The reasons for divestment were numerous, including ''all the obvious environmental reasons'', Prof Slooten said.

''The fact that fossil fuels are an important contributor to climate change - I'll take that as read.''

Fossil fuel investment was also ''risky from a strictly investment point of view'', she said.

''And then there's the whole [idea that] a university should be taking a lead in terms of ... being ethical and being the critic and conscience of society.

''And then there's the selfish interest, if you like, that for most young people, this is a really important issue, so if we were to attract students to come to Otago, we simply can't afford to drag our feet on an issue like this.''

The university itself does not hold any fossil fuel investments, but its current ethical investment policy makes no mention of the fossil fuel industry.

The letter's signatories say the university's foundation trust has 1.5% (about $2.75 million) of its money in ''oil, gas, and consumables'', but the university could not confirm nor deny that figure last night.

The university's investments are separate from those made by the foundation trust.

In July, the foundation trust added language to its investment policy discouraging investment in the extraction of or exploration for fossil fuels, but it is unclear whether the trust moved any of its funds as a result.

University senior lecturer Dr Alex MacMillan, who has spearheaded the push for university divestment, said ''we want to see the council come out and make its ethical [investment] statement more explicit, so we can publicly say, the university is divested from fossil fuels''.

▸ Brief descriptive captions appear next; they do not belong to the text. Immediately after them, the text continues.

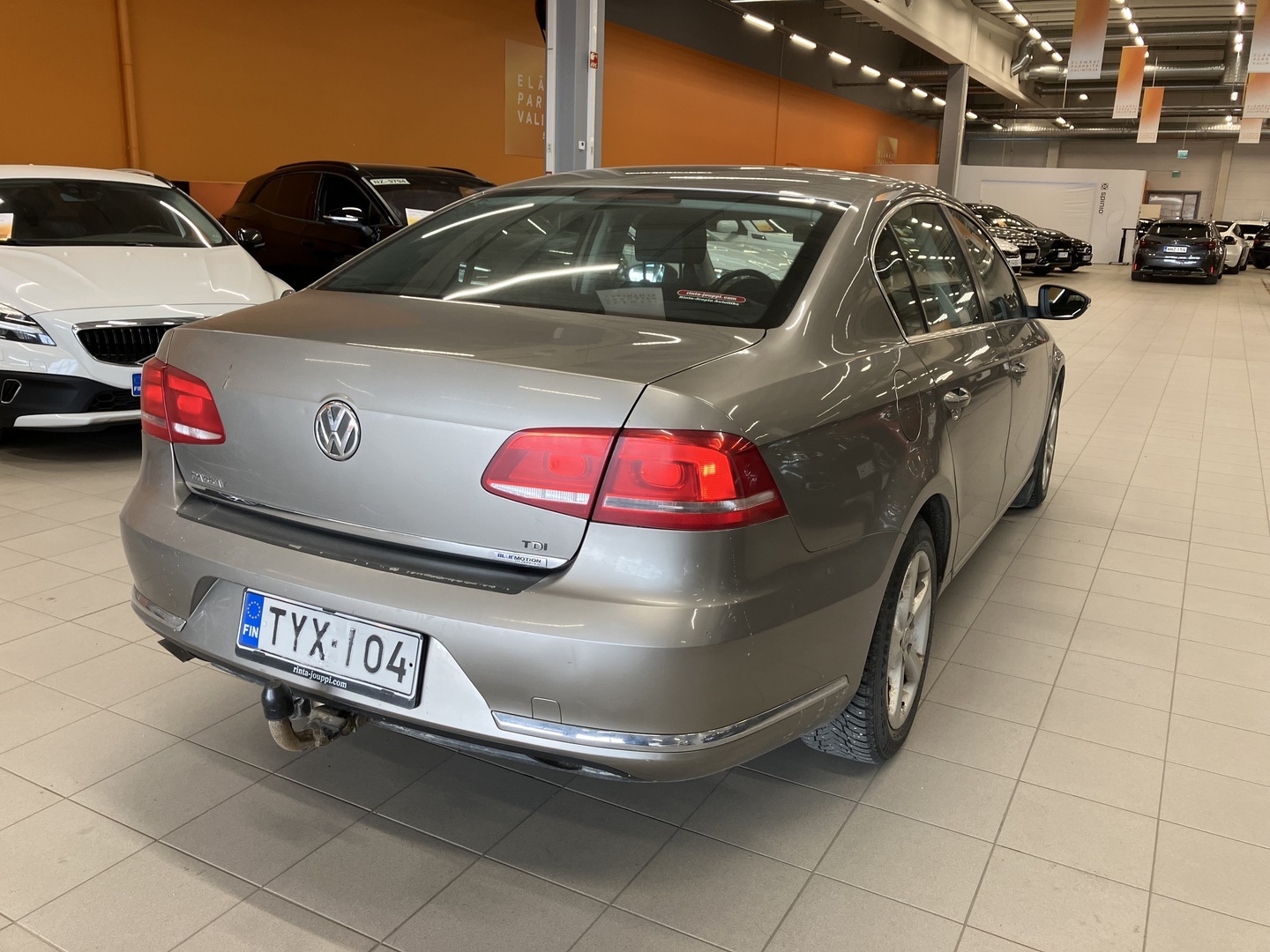 VOLKSWAGEN Passat 2012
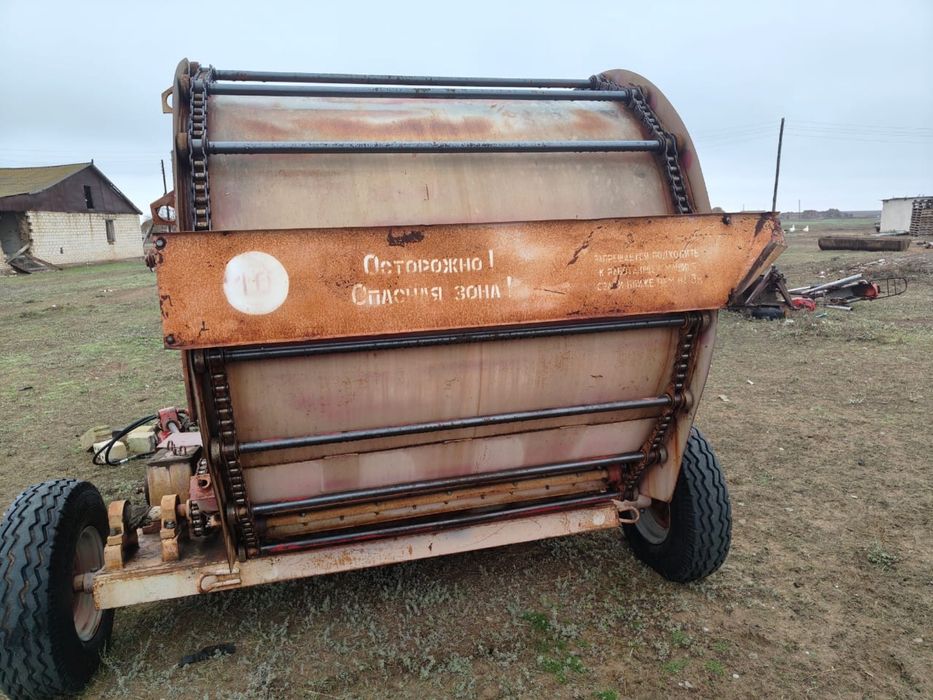 Рулонный пресс на ходу, продам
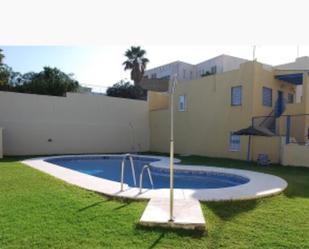 Piscina de Apartament de lloguer en Algeciras amb Terrassa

Dr MacMillan said the group would also like the foundation trust's investment policy to be more ''explicit and strong'' on fossil fuel divestment, but the focus in today's meeting was on the university itself.

''It's not the foundation trust's statement on the agenda.''

Still, she was hopeful a vote endorsing divestment at today's council meeting might affect future decisions by the foundation trust about its ethical investment policy.

And even the university making ''some kind of a public statement'' about divestment would be a positive development, she said.

''They didn't make a public statement after the foundation trust divested [in July], which left people wondering, 'what's going on?'

''What we're after ... is for the university to have either a change in their policy, or a public statement that they've divested,'' Dr MacMillan said.

This should be ''in a way that's honest about what they've done''.